Lies, Damn Lies and AMLO’s ‘Otros Datos’

Mexican President Andrés Manuel López Obrador. Photo: presidencia.gob.mx

By THÉRÈSE MARGOLIS

British Prime Minister Benjamin Disraeli once famously quipped, “There are three kinds of lies: lies, damned lies and statistics.”

The point that Disraeli was trying to make is that the selective use of numbers can bolster any argument and disguise any truths to accommodate a political agenda.

Nowhere is that persuasive power of carefully culled figures more apparent than in the case of Mexican President Andrés Manuel López Obrador (AMLO), who, whenever confronted by facts and numbers that inconvenience him or contradict his mule-headed policies to socialize the country at any cost, inevitably resorts to one of his favorite catch phrases: “Yo tengo otros datos” (“I have other data”).

One of the most recent — and blatant — examples of López Obrador’s obstinate refusal to accept any figures that disprove his ranting panoply of unilateral dictates and allegations is the on-going saga of Mexico’s Superior Auditor of the Federation’s (ASF) calculation of the actual cost of his 2018 cancellation of the New Mexico International Airport (NAIM).

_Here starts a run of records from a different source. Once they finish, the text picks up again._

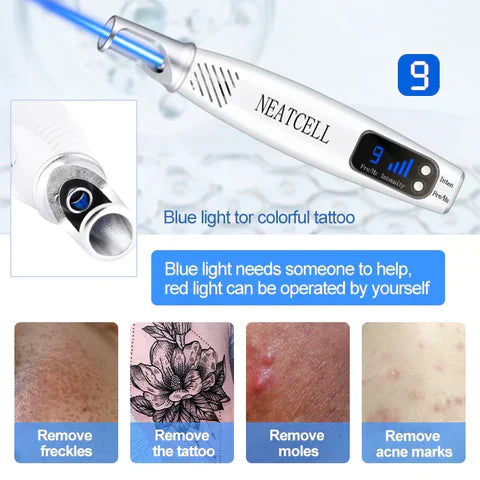 AstraGlow Home Laser Pen For Tattoo, Mole And Freckle Removal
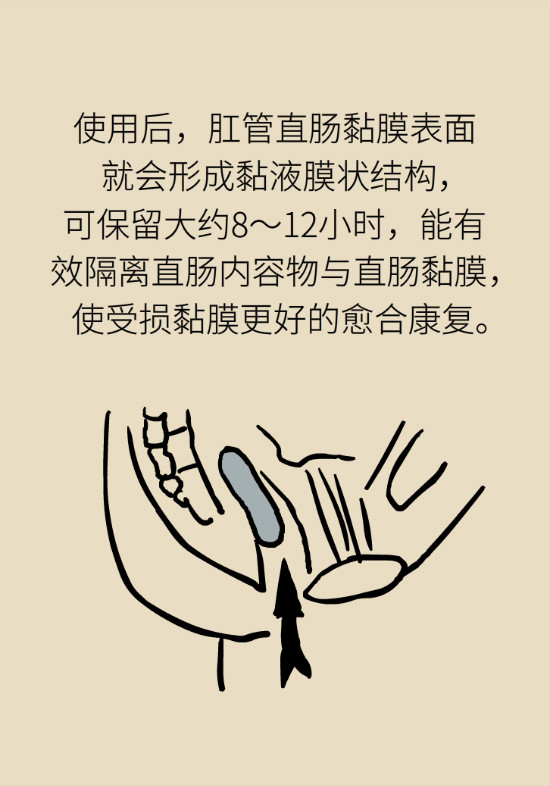 長“痔”如何久安？專家的建議來了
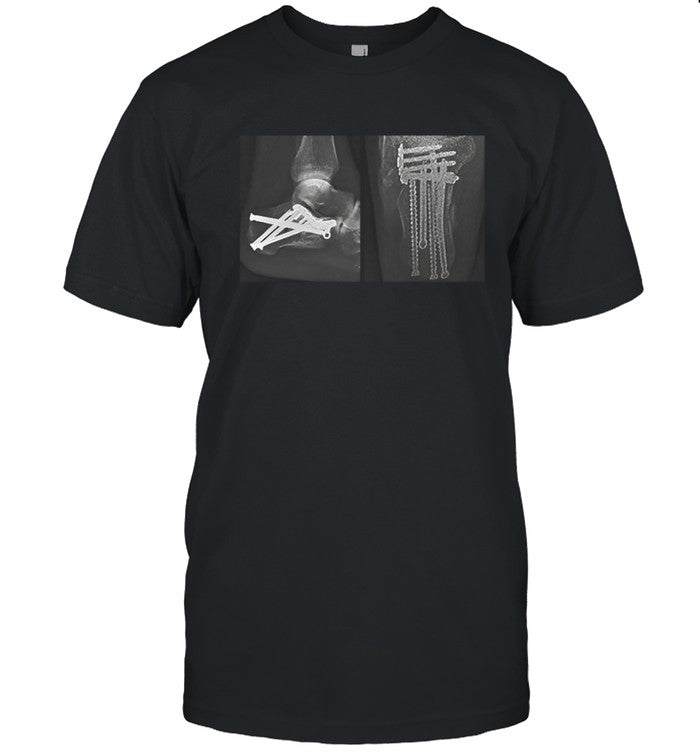 Kid CuDi The Tour That Never Was Skeleton Shirt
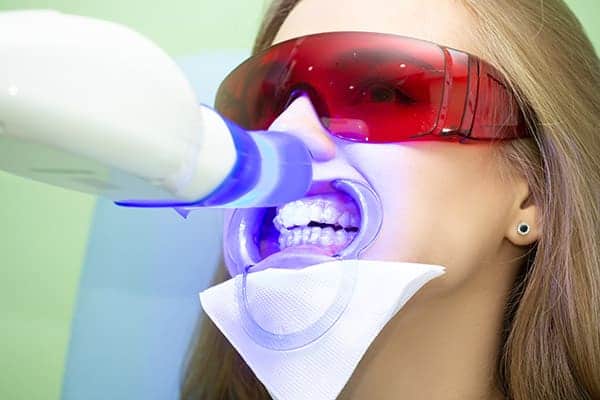 Laser teeth whitening treatments Buckinghamshire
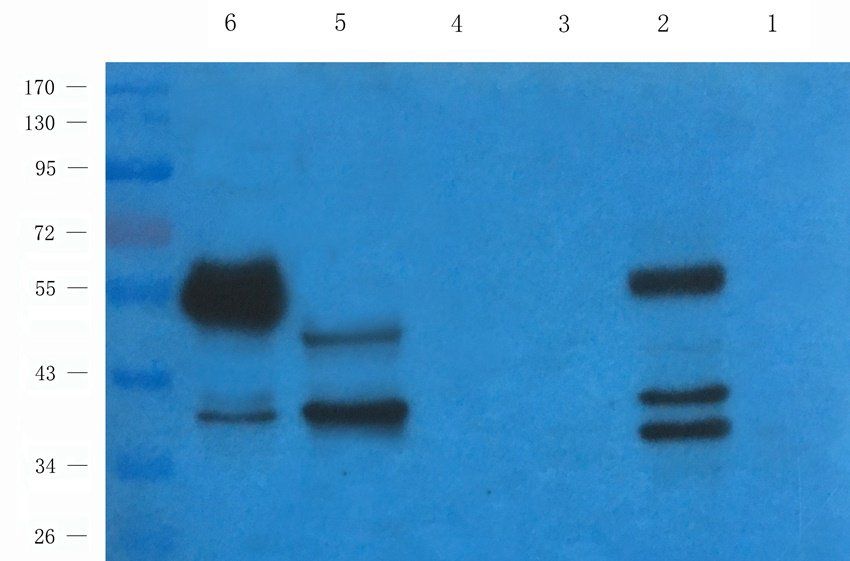 Aquaporin 7 antibody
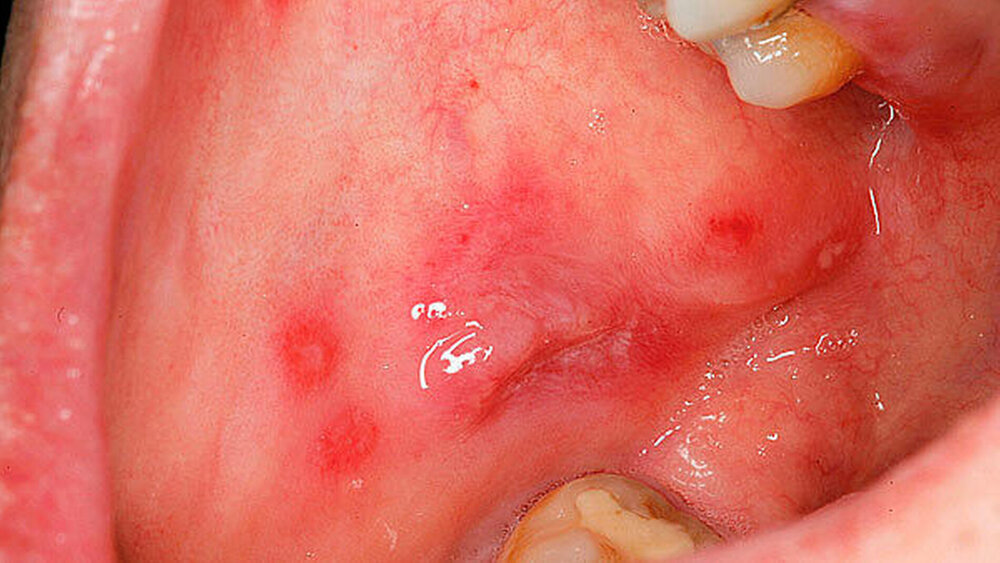 146811-flexible-1900 146811-flexible-1900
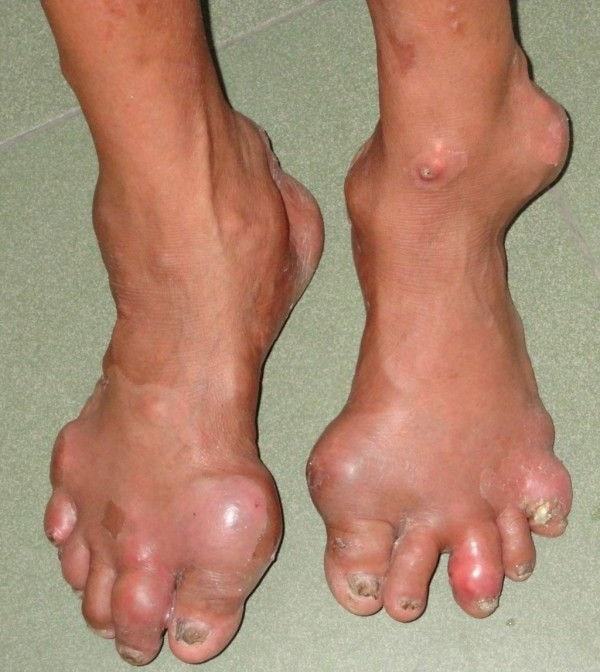 Средният пръст на крака боли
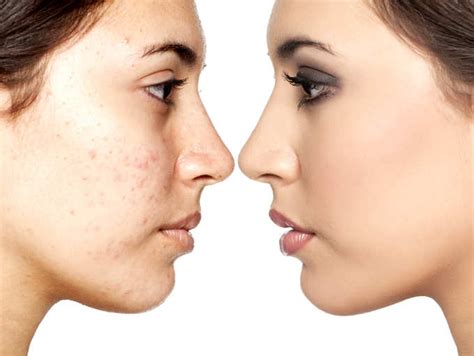 5 best ways to remove blemishes naturally | The Times of India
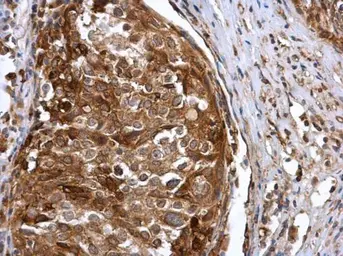 Anti-IFIT3 antibody used in IHC (Paraffin sections) (IHC-P). GTX112442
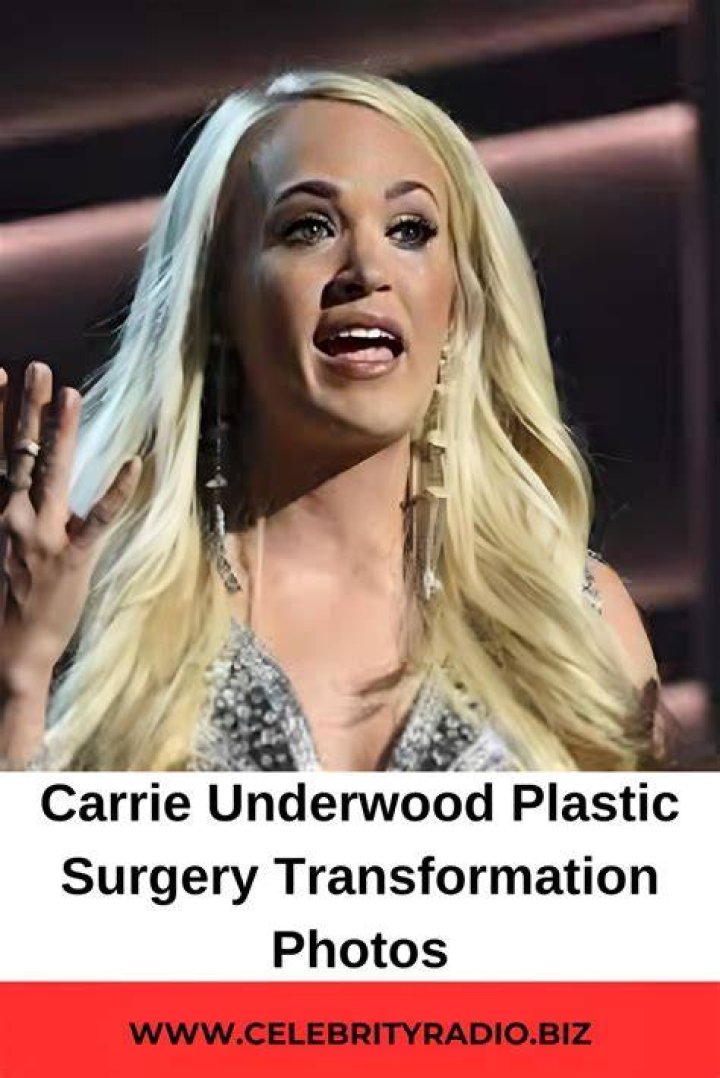 Carrie Underwood&rsquo;s Plastic Surgery Quotes Over the Years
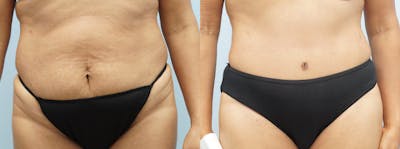 Tummy Tuck Before & After Gallery - Patient 94914666 - Image 1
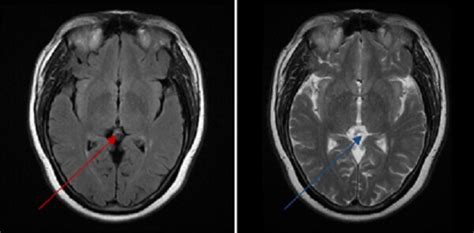 Pineal Cyst - DocNeuro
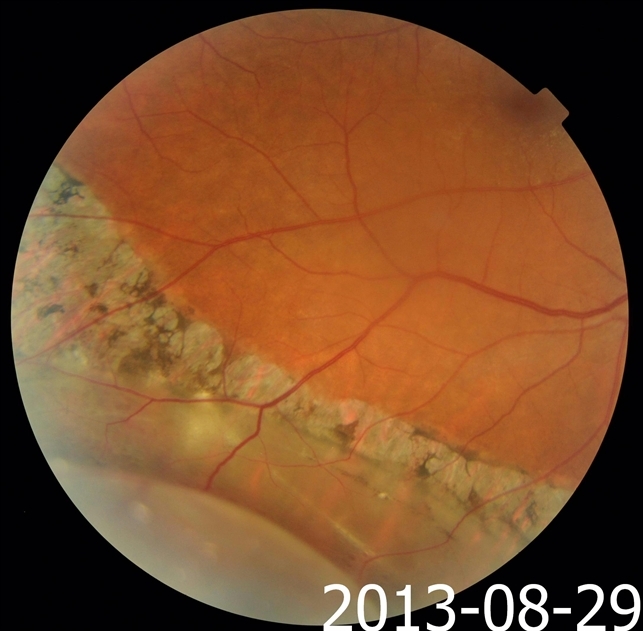 Pigmented Demarcation Line And Retinal Macrocyst Pigmented Demarcation Line And Retinal Macrocyst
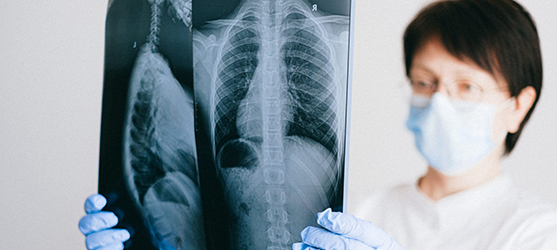 doctor looking at a chest x-ray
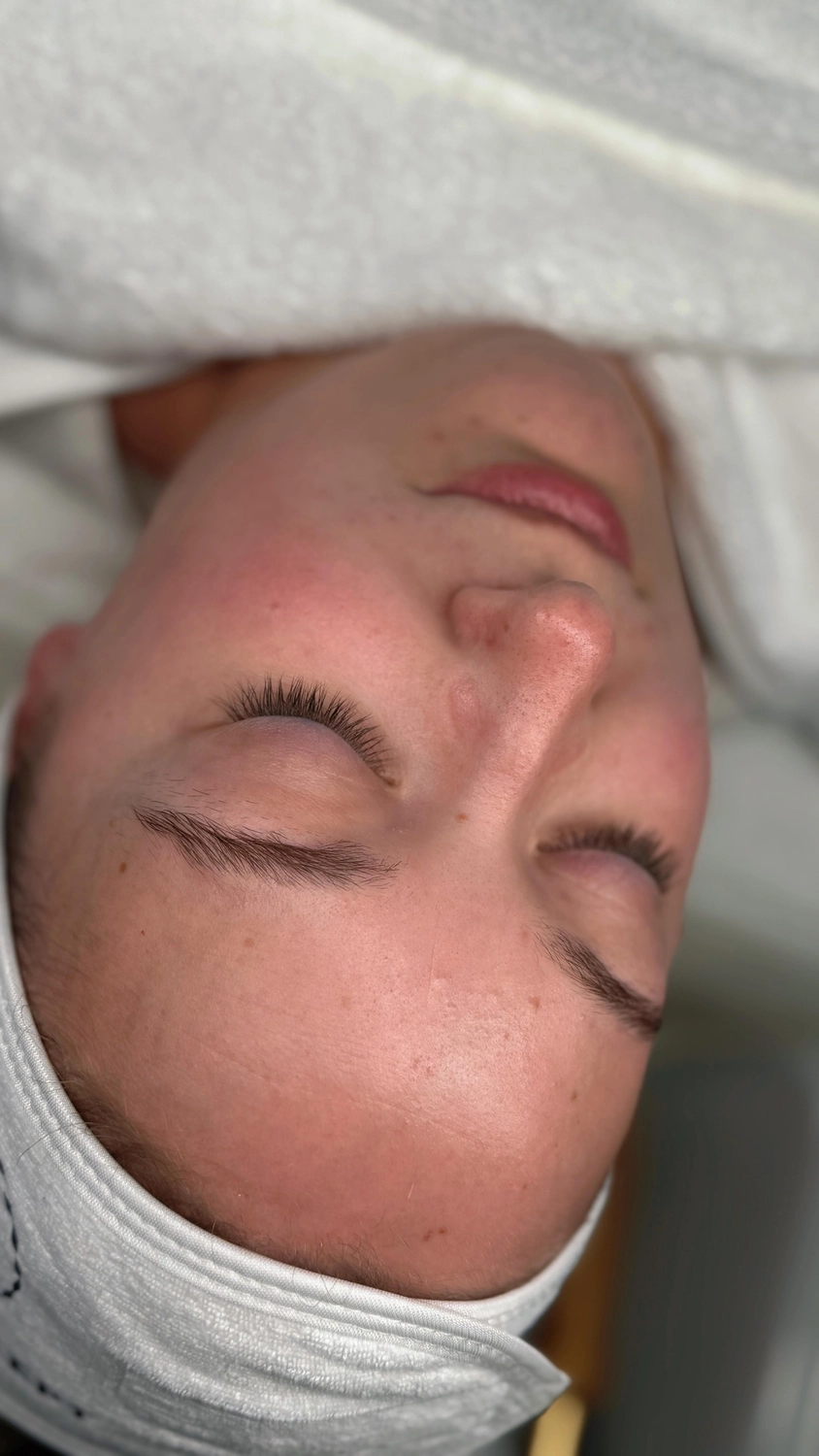 Bebe Aesthetics – Beauty & SPA – Microneedling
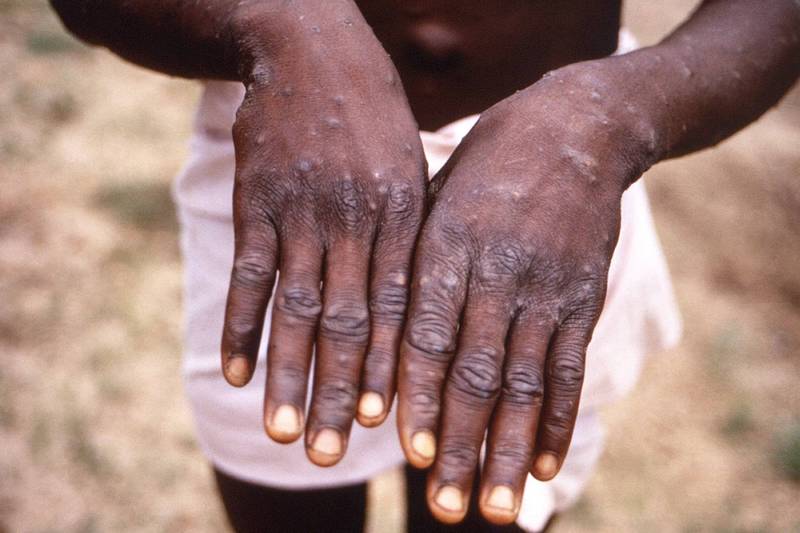 猴痘（monkeypox）是猴痘病毒家族的不同演化分支，以非洲地区命名，备受争议。图为1996至1997年间在刚果民主共和国调查疫情时拍摄。（路透资料照）(photo:LTN)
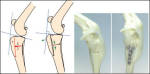 tibialcrossew2.th tibialcrossew2.th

Late last month, the ASF issued an extensive cost analysis of the government’s overall expenditure in cancelling the $7 billion project, which was well over half completed when AMLO decided to shut it down out of spite and vengeance against the country’s previous administration.

The study, which involved the participation of more than 20 financial analysts and took more than a year to complete, showed the true cost of the NAIM cancelation was 331.9 billion pesos, almost three times the amount that AMLO had contended.

For months, AMLO had bragged that the cancellation had only cost the government 100 billion pesos, and gleefully proclaimed that that figure translated into bottom-line savings for the nation.

Not one to hold his temper, AMLO immediately broke out in a ranting-raving temper tantrum when he heard about the ASF analysis, angrily decrying the validity of the report and threatening once again to “shut down” the ASF, a still-quasi-independent entity that the president sees (along with every other independent government agency) as a threat to his ever-expanding autocrat power.

In an effort to try to appease the president’s fractious ire, two days later, the head of the ASF backtracked on the numbers it had released, citing inconsistencies in methodology and alleging that the real cost was much lower than previously reported.

But that was not enough to uncrinkle the ruffled feathers of the vainglorious AMLO, who rails out against anyone who dares to repudiate his “otros datos” truths.

Splenetic to the end, AMLO not only mocked the ASF for its “erroneous report,” but used the redacted version of its analysis to further justify the elimination of independent agencies, noting that government bodies that are not 100 percent under his thumb and dictate “cannot be trusted.”

But the ASF-AMLO confrontation story doesn’t end there.

On Monday, March 8, the ASF auditor who was responsible for overseeing the NAIM cancelation cost analysis, Agustín Caso Raphael, offered one last Hail Mary pass to placate the president and find some middle ground that would neither contradict AMLO’s concocted figures nor compromise the credibility of the Superior Auditor’s Office.

Treading with diplomatic tiptoes, Caso Raphael appeared before Mexico’s AMLO-regimented Chamber of Deputies to say that “while the position of the secretary of the treasury (Arturo Herrera, another AMLO petty minion who has no qualms about walking in the shadow of the president to find himself a dishonorable grave beneath his feet and who, on the orders of his great “Colossus,” declared that the ASF report was composed of basic errors in 75 percent of its content) is very respectable, but these are estimates, not definitive figures.”

In an apparent bid to save both his job and the ASF, Caso Rafael went on say that “the report of the Superior Auditor’s Office is consistent with the methodology used.”

In other words, he said, the statistics derived from the study can be remolded to accommodate whatever results are sought depending on how they are interpreted.

Consequently, Caso Rafael maintained, after recalculating the statistics over and over again, there “were no errors and no bad faith” in the ASF’s calculations, which he added, would be reviewed once again (no doubt to better adapt to the president’s political agenda).

Lambasted with a flurry of combative and accusatory questions from the pro-AMLO deputies, Caso Raphael said that he at no time intended to “offend” the president and pointed out that “there are no good or bad statistics, just different methodologies for analyzing them.”

But, of course, we all know that it is only AMLO’s numbers that the president will accept.

And so, to paraphrase Disraeli, here in Mexico, there are lies, damn lies and AMLO’s “otros datos.”